Stored entries
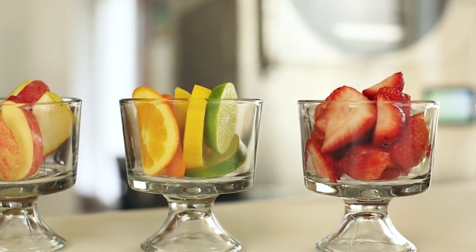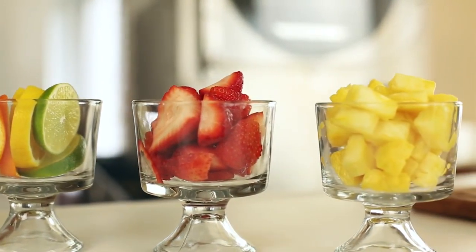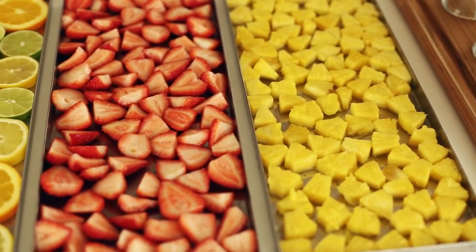So here we have apples and pears, oranges, lemons, and limes, strawberries, and pineapple. As you can see, I have pre-cut everything. I cut the strawberries in half and cut the others in wedges, slices, and bite-sized pieces. And here's what our fruit looks like on the trays.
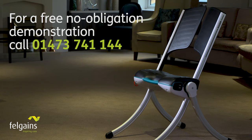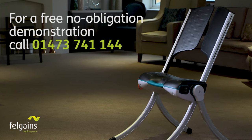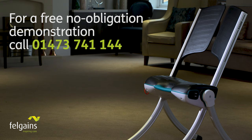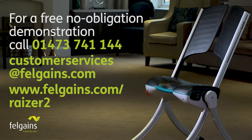To see for yourself how the Razer 2 would benefit your organisation, arrange a free, no-obligation demo today. Call us on 01473 741 144 or send us an email at customerservices@felgaines.com. And to find out more, go to felgaines.com/razer2.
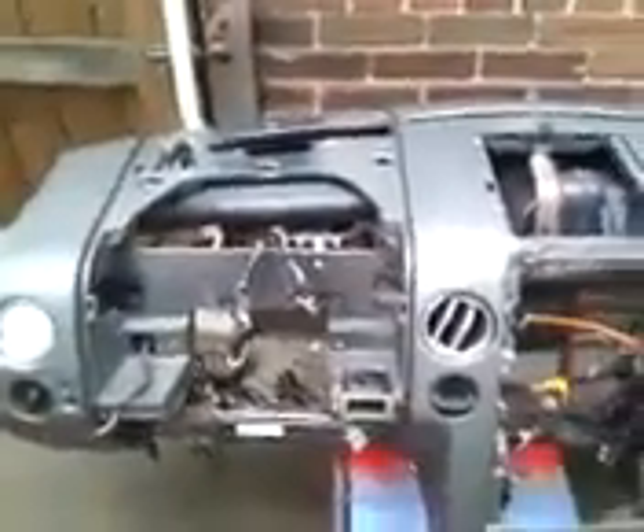YouTube, it's your boy MB back with another fiberglass project. This one's for my boy Ted — it's out of a 2005 Ford F-150. He just bought a brand new 2013 Dodge SRT, some kind of little truck or Jeep-Chrysler situation. Now he wants to take his work truck and put some fiberglass in there.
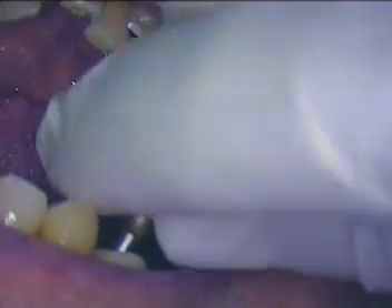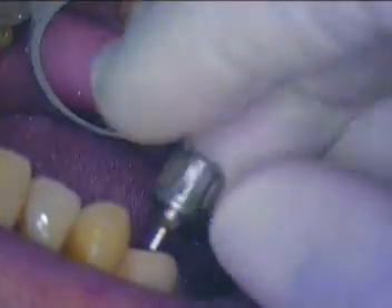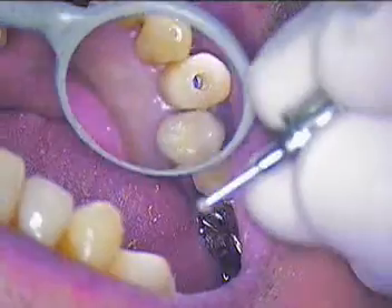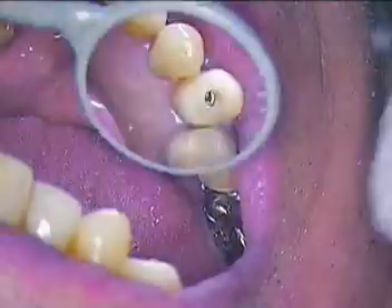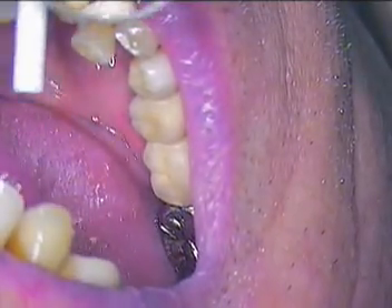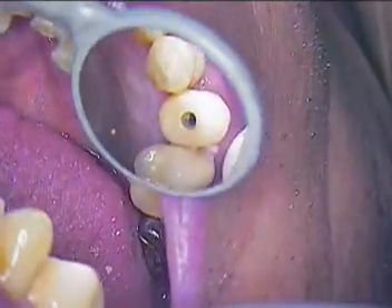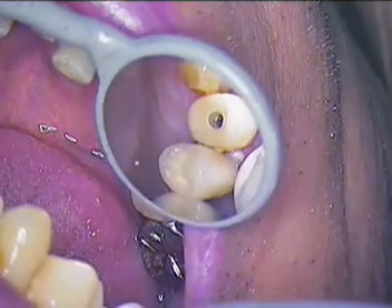We'll back that out. I'm not going to take it out quite yet because there are other things I have to do first before we get our impression, so I'm just loosening it up. I want to be real careful not to have debris in the area, so we're going to tighten that down again, rinse everything off all around, and clean up everything around this temporary. I'm going to pause here and come back with the temporary off and everything cleaned up, ready to put in our transfer coping for the impression.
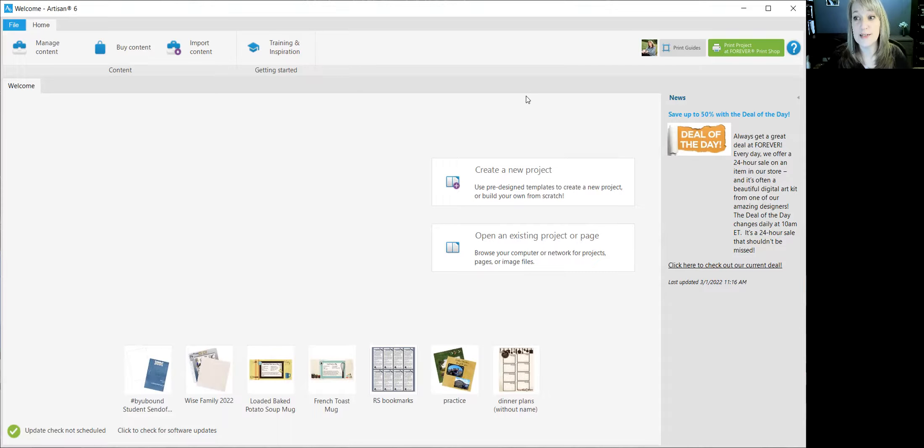That is how you purchase art in Forever, download it to your computer, and import it into Artisan so you can use it in all your projects. I hope you found this video helpful. If you did, give it a thumbs up — liking it on YouTube helps other people find it. If you'd like to see more, please subscribe to the channel. Thanks for watching.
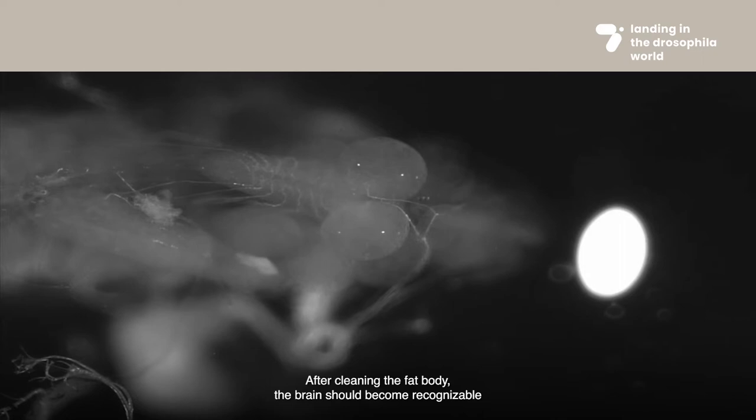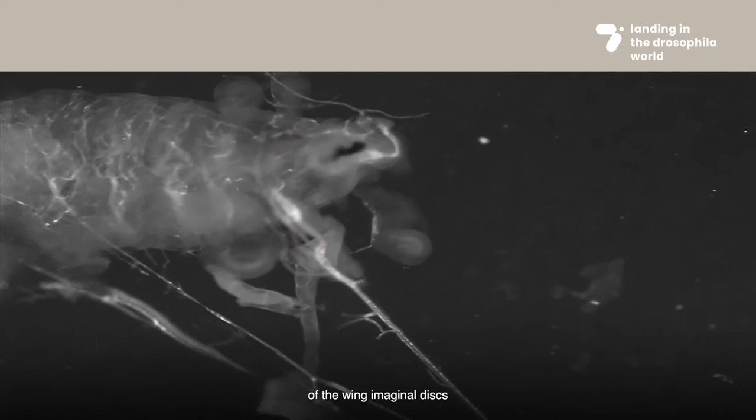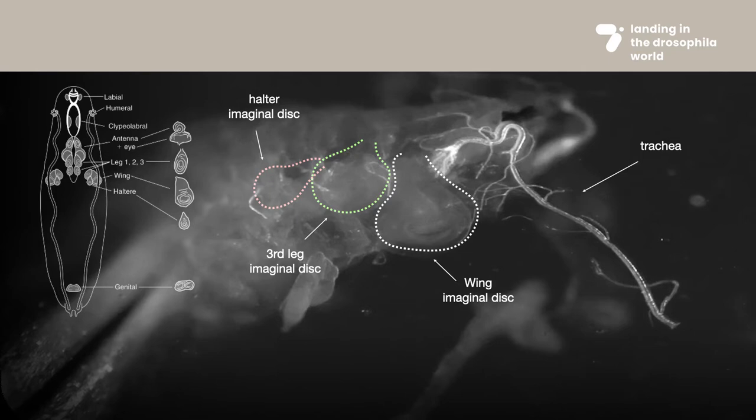After cleaning the fat body, the brain should become recognizable at the anterior part of the inverted larva. You will be able to see the two optic lobes and the ventral cord. At the lateral part of the larva, you will find, usually stuck to the trachea, one of the wing imaginal discs. Close to the wing imaginal disc, you should also be able to identify the halter disc and the third leg disc.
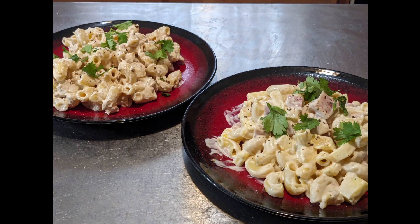Welcome to Jason in the Kitchen. Today we're going to be making two versions of Yvette's pasta salad. Let's get started.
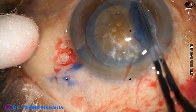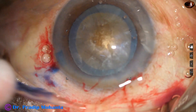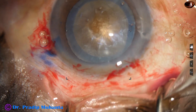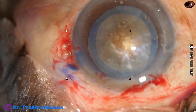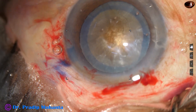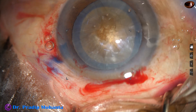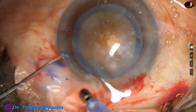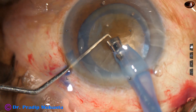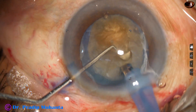In hard cataracts, we must not do a rhexis smaller than 5.5 mm in diameter. So the size of this rhexis is about 5.75 mm, which is adequate. If we do a small rhexis in hard cataracts, we cause a lot of zonular stress, and management of the large hard fragments becomes difficult. So always do a rhexis larger than 5.5 mm — even 6 mm — in hard cataracts.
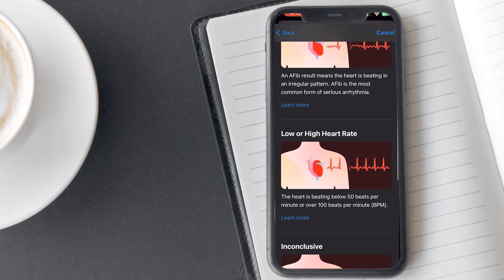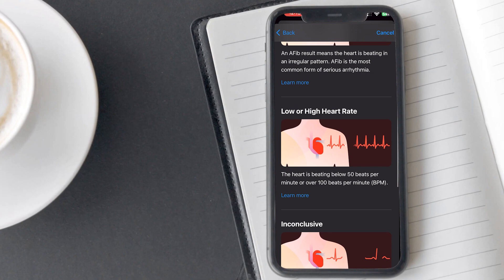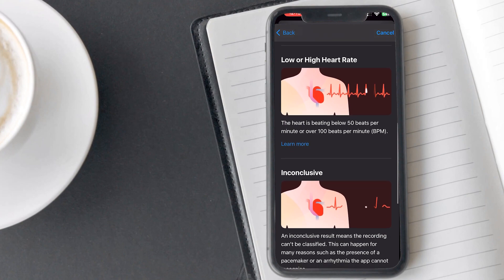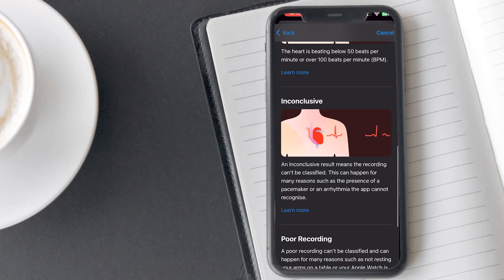If you see low heart rate, it means your heart is beating less than 50 beats per minute. And if you see high heart rate, it means your heart is beating more than 100 beats per minute. Sometimes the result may be inconclusive due to some issues or poor recording quality.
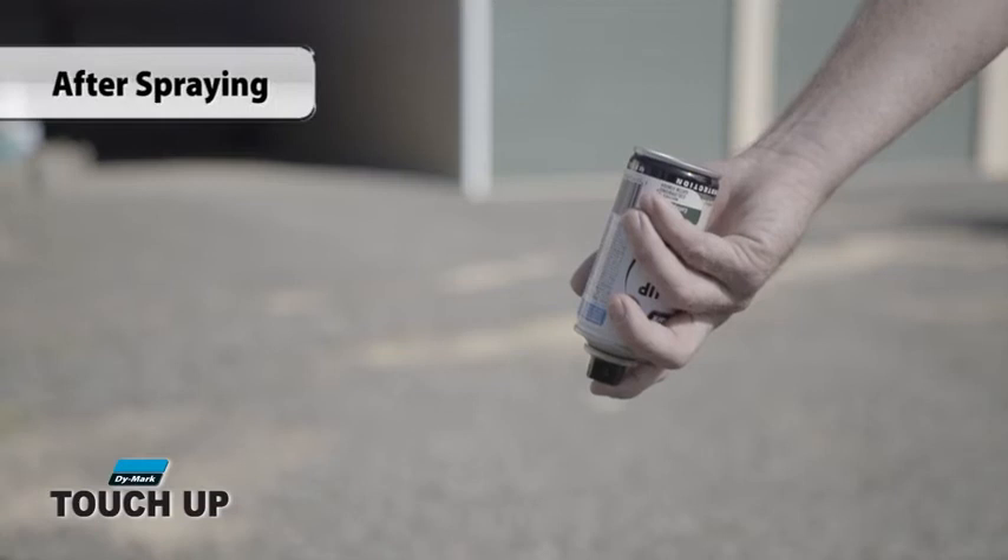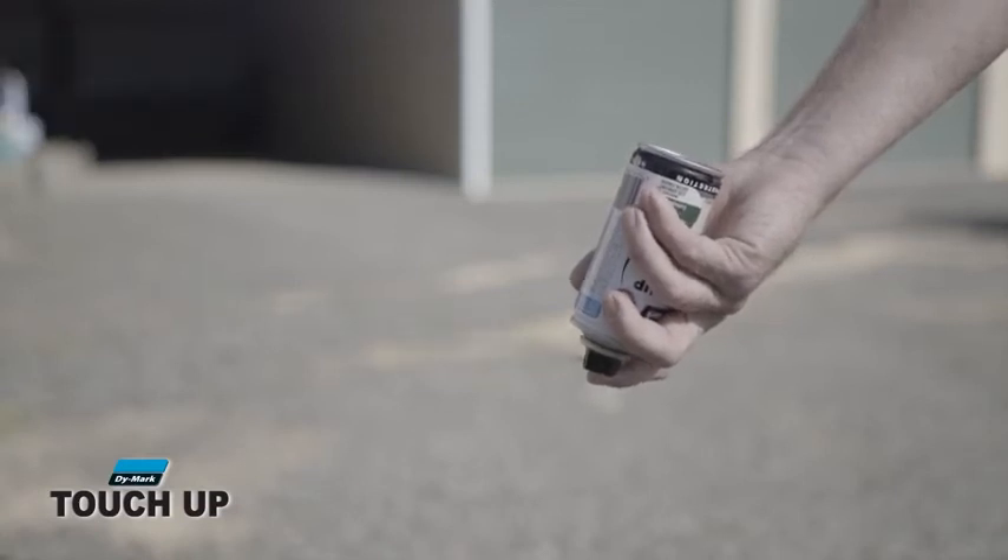To prevent the can from blocking, hold it upside down and spray until only clear gas escapes. Wipe the tip of the nozzle clean.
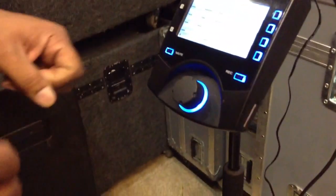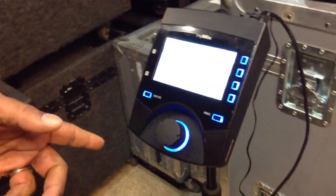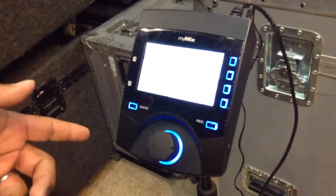One is the individual tone controls for each of your inputs, and two is the ability to record your monitor mix onto an SD card and then be able to take that mix away from your rehearsal and use it at home and rehearse to it at home. A great new feature from MyMix, Hollywood Sound Systems.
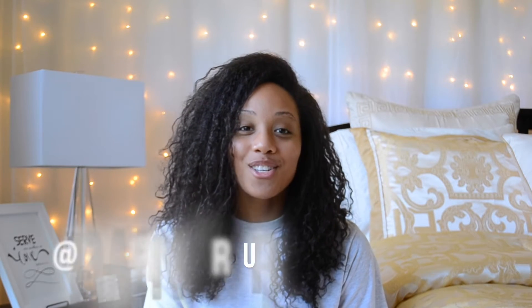So if this is your first time clicking on one of my videos, please be sure to subscribe so you can see more from me in the future. And also follow me on Instagram — I'll have that linked in the description box.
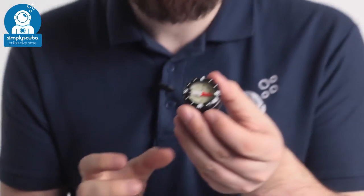So if you want a compact little compass, take a look at the Scuba Pro C1 Wrist Compass. If you missed our latest episode of Weird Wednesday, you can click on the link at the top to watch that. Thanks for watching. Safe diving.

◆ What you are asked to do
Transcribe every record exactly and omit each image.

◆ Expected answer
So here we have apples and pears, oranges, lemons, and limes, strawberries, and pineapple. As you can see, I have pre-cut everything. I cut the strawberries in half and cut the others in wedges, slices, and bite-sized pieces. And here's what our fruit looks like on the trays.
To see for yourself how the Razer 2 would benefit your organisation, arrange a free, no-obligation demo today. Call us on 01473 741 144 or send us an email at customerservices@felgaines.com. And to find out more, go to felgaines.com/razer2.
YouTube, it's your boy MB back with another fiberglass project. This one's for my boy Ted — it's out of a 2005 Ford F-150. He just bought a brand new 2013 Dodge SRT, some kind of little truck or Jeep-Chrysler situation. Now he wants to take his work truck and put some fiberglass in there.
We'll back that out. I'm not going to take it out quite yet because there are other things I have to do first before we get our impression, so I'm just loosening it up. I want to be real careful not to have debris in the area, so we're going to tighten that down again, rinse everything off all around, and clean up everything around this temporary. I'm going to pause here and come back with the temporary off and everything cleaned up, ready to put in our transfer coping for the impression.
That is how you purchase art in Forever, download it to your computer, and import it into Artisan so you can use it in all your projects. I hope you found this video helpful. If you did, give it a thumbs up — liking it on YouTube helps other people find it. If you'd like to see more, please subscribe to the channel. Thanks for watching.
After cleaning the fat body, the brain should become recognizable at the anterior part of the inverted larva. You will be able to see the two optic lobes and the ventral cord. At the lateral part of the larva, you will find, usually stuck to the trachea, one of the wing imaginal discs. Close to the wing imaginal disc, you should also be able to identify the halter disc and the third leg disc.
Welcome to Jason in the Kitchen. Today we're going to be making two versions of Yvette's pasta salad. Let's get started.
In hard cataracts, we must not do a rhexis smaller than 5.5 mm in diameter. So the size of this rhexis is about 5.75 mm, which is adequate. If we do a small rhexis in hard cataracts, we cause a lot of zonular stress, and management of the large hard fragments becomes difficult. So always do a rhexis larger than 5.5 mm — even 6 mm — in hard cataracts.
If you see low heart rate, it means your heart is beating less than 50 beats per minute. And if you see high heart rate, it means your heart is beating more than 100 beats per minute. Sometimes the result may be inconclusive due to some issues or poor recording quality.
To prevent the can from blocking, hold it upside down and spray until only clear gas escapes. Wipe the tip of the nozzle clean.
One is the individual tone controls for each of your inputs, and two is the ability to record your monitor mix onto an SD card and then be able to take that mix away from your rehearsal and use it at home and rehearse to it at home. A great new feature from MyMix, Hollywood Sound Systems.
So if this is your first time clicking on one of my videos, please be sure to subscribe so you can see more from me in the future. And also follow me on Instagram — I'll have that linked in the description box.
So if you want a compact little compass, take a look at the Scuba Pro C1 Wrist Compass. If you missed our latest episode of Weird Wednesday, you can click on the link at the top to watch that. Thanks for watching. Safe diving.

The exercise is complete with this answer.